Problem description - The listing below holds pictures; exclude them. Return exactly the lines from the one with "Curious Black Cat" through the one with "I Heart Raves mesh crop top".

Information -
= Beginning of Section =

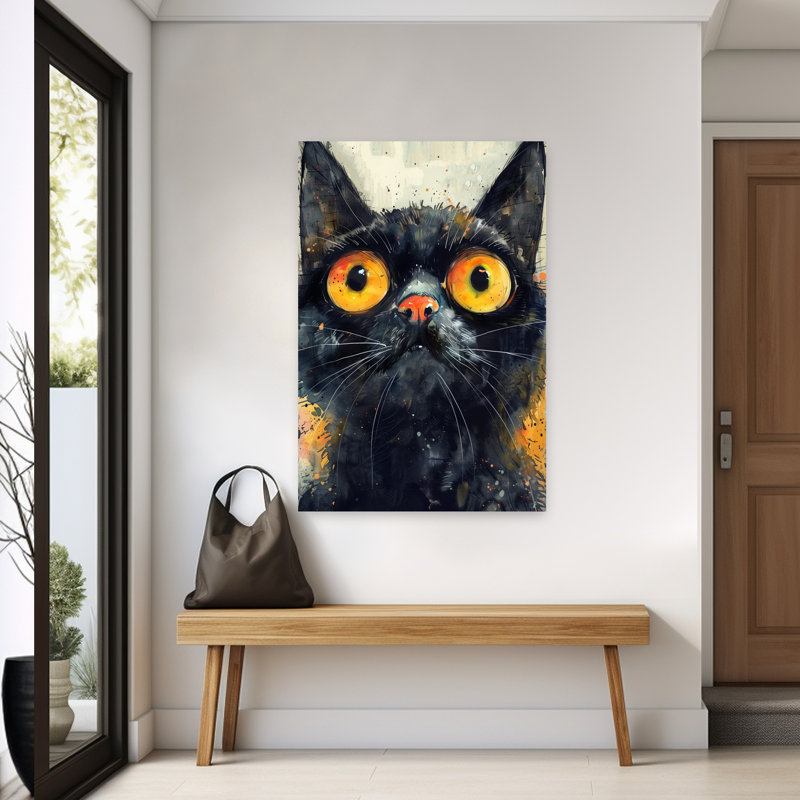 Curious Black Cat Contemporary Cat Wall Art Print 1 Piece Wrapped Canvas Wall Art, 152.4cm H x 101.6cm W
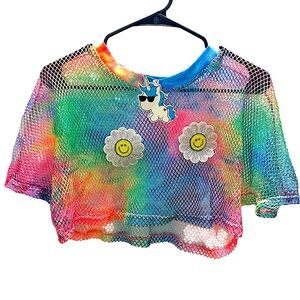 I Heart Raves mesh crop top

= End of Section =
= Beginning of Section =

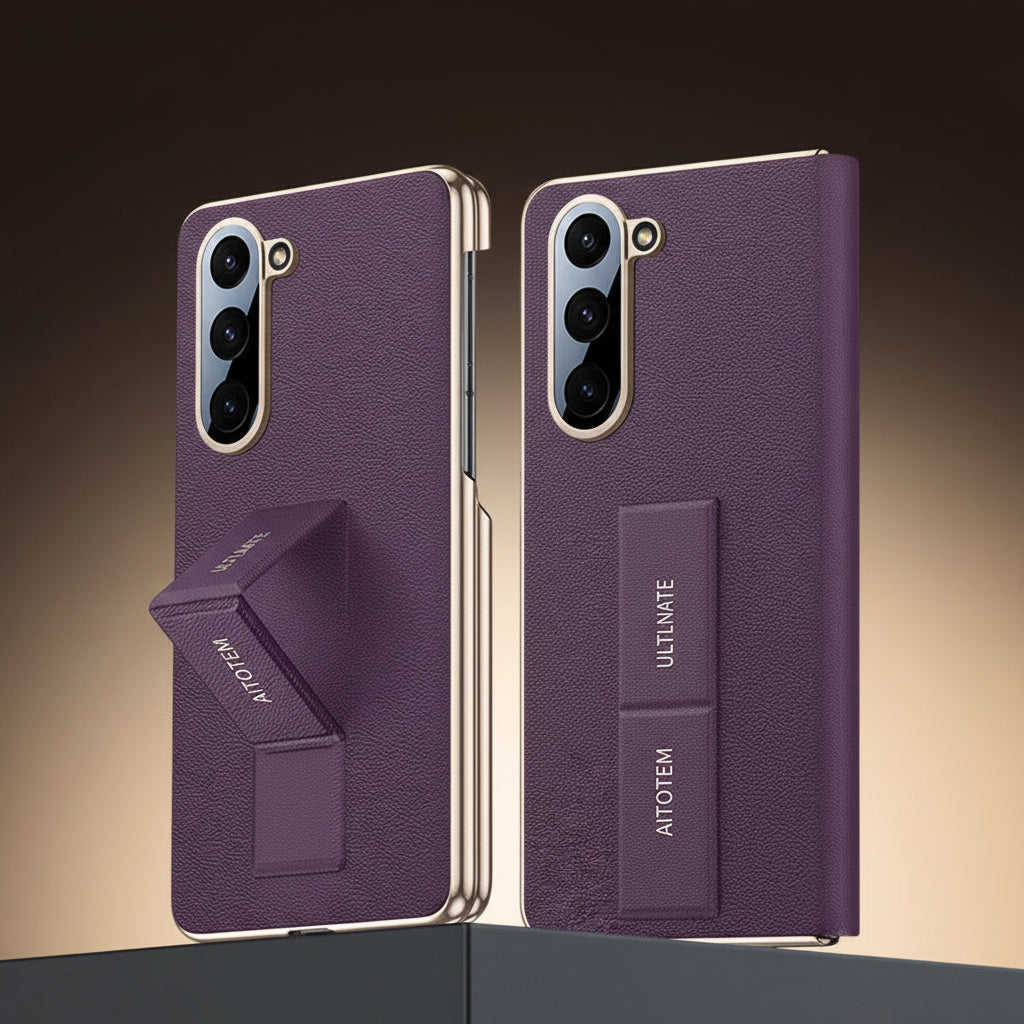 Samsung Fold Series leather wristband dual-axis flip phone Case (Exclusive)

= End of Section =

Written reply -
 Curious Black Cat Contemporary Cat Wall Art Print 1 Piece Wrapped Canvas Wall Art, 152.4cm H x 101.6cm W
 I Heart Raves mesh crop top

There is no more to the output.